This type of permission issue can occur when the directory containing your docker-compose.yaml file, configuration subdirectories (config/), scripts, and other deployment artifacts resides directly on certain shared file systems.
The primary reason is the way in which Docker volume mounts interact with the
permission models of these file systems. Many essential files are mapped from your
deployment directory into the containers (often using relative paths). Shared file
systems frequently have strict permission enforcement based on user/group IDs or use
mechanisms like root_squash (common on NFS).
The user account running processes inside the container (which might be root or a specific non-root user ID defined in the container image) may not have the necessary read/execute permissions on the mapped files according to the rules enforced by the shared file system. This can happen if the container user's UID/GID does not align with the file ownership on the share, or if root access from the container is mapped to a non-privileged user (like nobody) on the share.

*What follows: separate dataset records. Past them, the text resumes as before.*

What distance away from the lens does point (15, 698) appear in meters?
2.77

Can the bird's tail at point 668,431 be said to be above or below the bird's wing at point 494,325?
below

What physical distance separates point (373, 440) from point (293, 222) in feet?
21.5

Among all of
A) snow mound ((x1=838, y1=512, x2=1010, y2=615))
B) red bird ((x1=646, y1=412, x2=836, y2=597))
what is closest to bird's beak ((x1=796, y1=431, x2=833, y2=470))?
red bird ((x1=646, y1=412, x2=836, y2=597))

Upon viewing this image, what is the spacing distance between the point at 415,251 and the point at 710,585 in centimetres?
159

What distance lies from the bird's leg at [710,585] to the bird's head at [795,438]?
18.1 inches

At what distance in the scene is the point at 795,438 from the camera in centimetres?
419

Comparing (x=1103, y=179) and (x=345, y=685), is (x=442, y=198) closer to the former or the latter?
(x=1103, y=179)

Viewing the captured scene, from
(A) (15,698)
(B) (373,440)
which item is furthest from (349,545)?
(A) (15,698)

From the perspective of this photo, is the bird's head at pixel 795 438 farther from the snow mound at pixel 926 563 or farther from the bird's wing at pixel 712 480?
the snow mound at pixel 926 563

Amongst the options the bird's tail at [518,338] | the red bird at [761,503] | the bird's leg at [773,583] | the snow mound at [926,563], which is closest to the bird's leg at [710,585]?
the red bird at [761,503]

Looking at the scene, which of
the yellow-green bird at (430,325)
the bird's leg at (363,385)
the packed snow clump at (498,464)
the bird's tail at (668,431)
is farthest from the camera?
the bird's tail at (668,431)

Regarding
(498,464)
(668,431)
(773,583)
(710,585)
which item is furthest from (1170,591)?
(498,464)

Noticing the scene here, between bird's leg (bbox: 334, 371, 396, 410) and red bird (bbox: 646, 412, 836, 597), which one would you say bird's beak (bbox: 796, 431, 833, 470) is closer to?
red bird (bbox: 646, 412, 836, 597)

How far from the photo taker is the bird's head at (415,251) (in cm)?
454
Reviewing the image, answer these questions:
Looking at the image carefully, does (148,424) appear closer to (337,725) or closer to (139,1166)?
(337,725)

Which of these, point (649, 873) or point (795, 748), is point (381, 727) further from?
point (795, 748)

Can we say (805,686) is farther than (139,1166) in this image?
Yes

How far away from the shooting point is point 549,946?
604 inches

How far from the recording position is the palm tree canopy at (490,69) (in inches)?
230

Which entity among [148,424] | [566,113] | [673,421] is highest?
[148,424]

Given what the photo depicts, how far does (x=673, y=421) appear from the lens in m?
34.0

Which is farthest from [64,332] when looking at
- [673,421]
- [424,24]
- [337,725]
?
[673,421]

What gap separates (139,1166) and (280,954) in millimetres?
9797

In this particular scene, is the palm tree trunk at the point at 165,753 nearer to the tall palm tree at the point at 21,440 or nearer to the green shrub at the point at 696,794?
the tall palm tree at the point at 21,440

Solution: The recommended approach to avoid these permission conflicts is to run the Docker Compose deployment from a local file system on the host machine where Docker is running:
Move or copy your entire HPS deployment directory (the docker-compose-customer/ directory containing docker-compose.yaml, .env, config/, and so on) to a path on a local disk.
Example: Placing the deployment in a directory like /opt/hps or /srv/deployment/ansys-hps on the host's local storage is generally more reliable.
Run your Docker Compose commands from this new location on the local file system.